Paul Loeb, an author and activist, spoke about civic engagement and finding nonpartisan common ground to an audience of about 80 people at 7 p.m. Monday in Textor 102.
Loeb has published five books on becoming active in society and creating social change, including the critically acclaimed book “The Impossible Will Take a Little While.” The Park School of Communications and the politics department sponsored his hourlong talk.
Loeb said civic involvement has been declining since the 2008 presidential election and addressed what he said are common misconceptions that prevent potential activists from taking action.
“Very early on we learn in our culture not to take a stand,” he said. “We learn, in particular, the only people [who] can take a stand are these absolutely perfect individuals who have everything together — who can answer every possible question and always know exactly what to do.”
He also offered real-life examples of activists who made a difference.
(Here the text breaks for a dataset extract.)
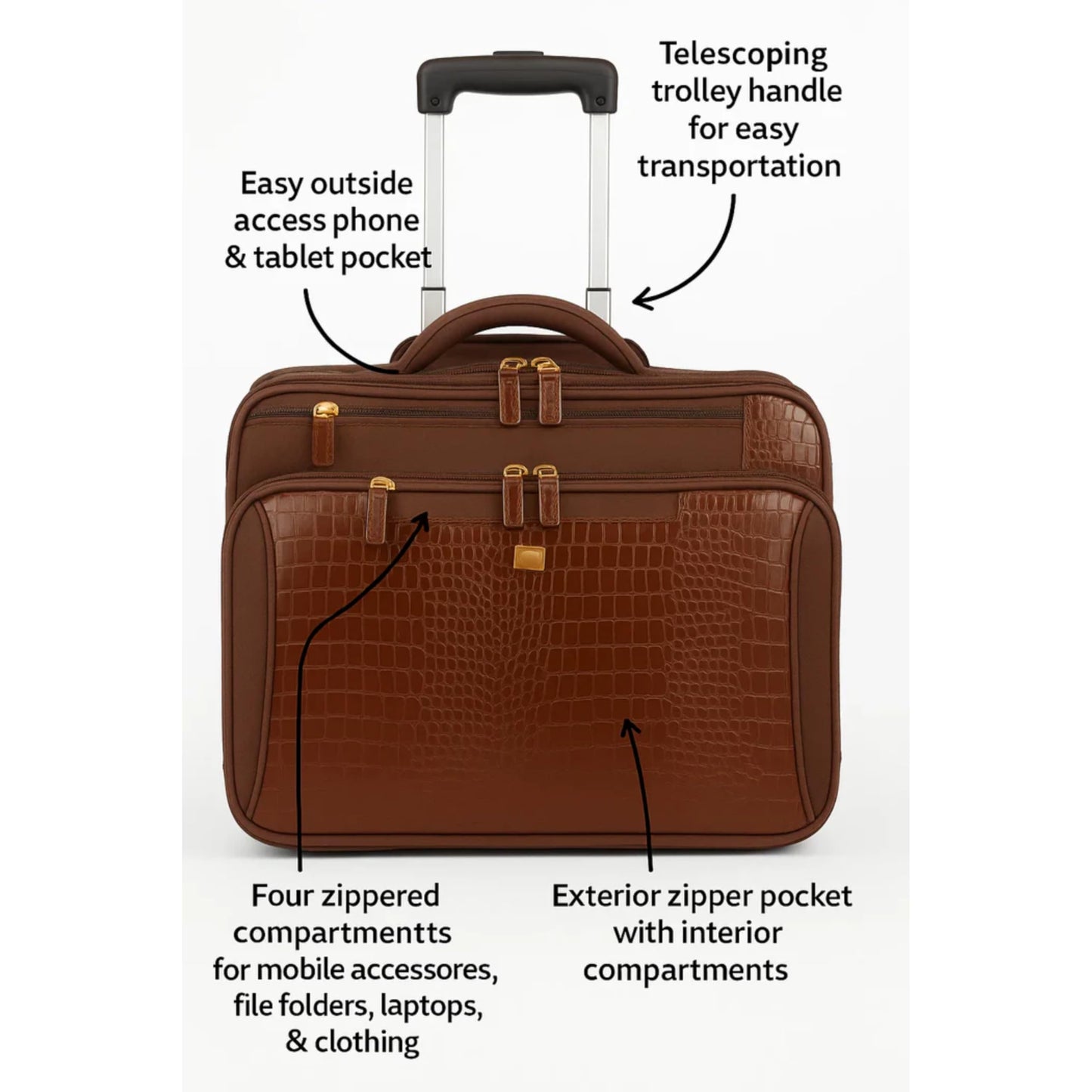 FRANCINE Croco-Style Roller Laptop Tote Bag, Fits Up to 17-Inch Laptop, Wheeled Carry-On Work Travel Bag with Telescoping Handle and Multiple Compartments (Brown)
Loeb told stories about Mahatma Gandhi first failing as a lawyer because of shyness before challenging an empire, and how Rosa Parks took a stand against segregation on buses because her work as a secretary for the National Association for the Advancement of Colored People made her part of a community of activists.
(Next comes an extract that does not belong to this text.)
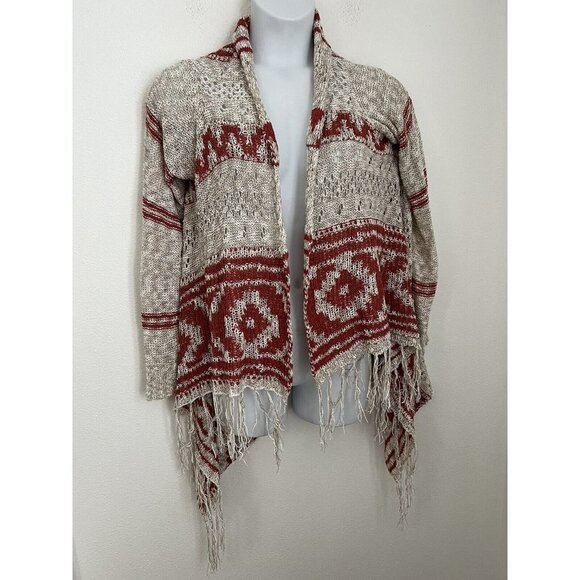 Torrid Sz 00 Womens Open Waterfall Front Cardigan Knit Orange Rust Ran Boho M/L - Picture 1 of 6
“[Rosa Parks] knew her actions were going to be catalyzing something in an ongoing battle for change,” Loeb said. “She knew this wouldn’t be an isolated action [and] that the people she worked with would respond.”
Loeb said standing up for an issue when faced with opposition is crucial to making a difference. Using global warming as an example, Loeb said finding people to rally behind an issue can be difficult but doable.
“You have a dialogue and see if there is any common ground and, if there is, then you try to work on something,” he said.
Junior Brennan McKenna, a residential assistant, said he took his residents to the lecture to hear Loeb’s thoughts on the power of activism. He said Loeb provided inspiration for potential activists looking to take a stand.
“If you do something or try to be an activist alone, like [Loeb] said, you kind of feel overwhelmed with everything that’s going on,” he said. “But if you hear inspirational stories and you’re here with like-minded people, you feel confident.”
Sophomore Danielle Prizzi said though she had not heard of Loeb before the lecture, her passion for social injustice issues motivated her to attend. She said Loeb’s emphasis on overcoming misconceptions about leaders and taking action left an impression on her.
“People aren’t born leaders, and people aren’t born knowing exactly what to do in terms of reacting to social injustice issues,” she said. “It’s just [taking] the first initial step — that really got me.”